Canada ponders many plans for shipping Arctic fuel

What will haul Arctic petroleum and other resources to southern markets? A pipeline network, super-strength icebreaker tankers, submarine freighters, a railroad, dirigibles, or a combination of any of these modes of transportation?

At this time no one seems sure of the answer. A special committee of the Canadian Senate has been grappling with the immense logistics problem posed by ambitious plans to exploit the far north's energy potential.

The committee, headed by Sen. Earl Hastings of Alberta, was actually summoned to examine proposals for northern pipelines and to draw up legislation for construction of such a transmission link - initially for Alaskan natural gas.

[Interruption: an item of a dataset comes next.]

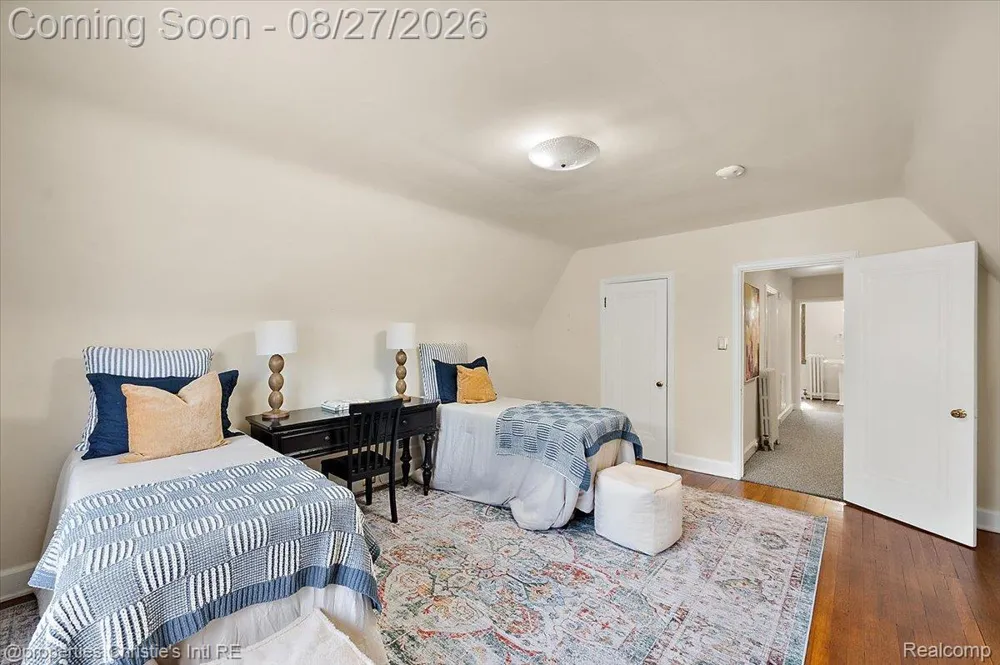 37 Cranford Lane Grosse Pointe City, MI 48230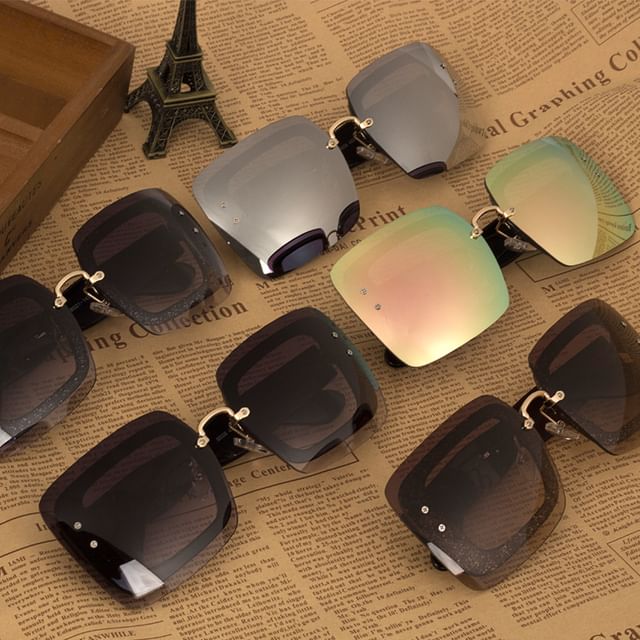 Square Sunglasses vard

But in recent weeks the committee has become a depository for other brave ideas and sudden revelations stemming from the emerging pattern of petroleum discoveries both on shore and at sea.

Economic realities seem to have come into play as well, reducing, for example , a much promoted dual-delivery system of pipelines and tankers to a single cheapest choice. Dome Petroleum Ltd., which has scored several crude oil discoveries in the ice-infested waters of the Beaufort Sea and will need some means of delivery by 1986, has dropped its plan for an overland pipeline through the Mackenzie River valley. Instead, it has opted for tanker-borne traffic - at least until volume is too much to handle in a sealift, perhaps by the end of the decade.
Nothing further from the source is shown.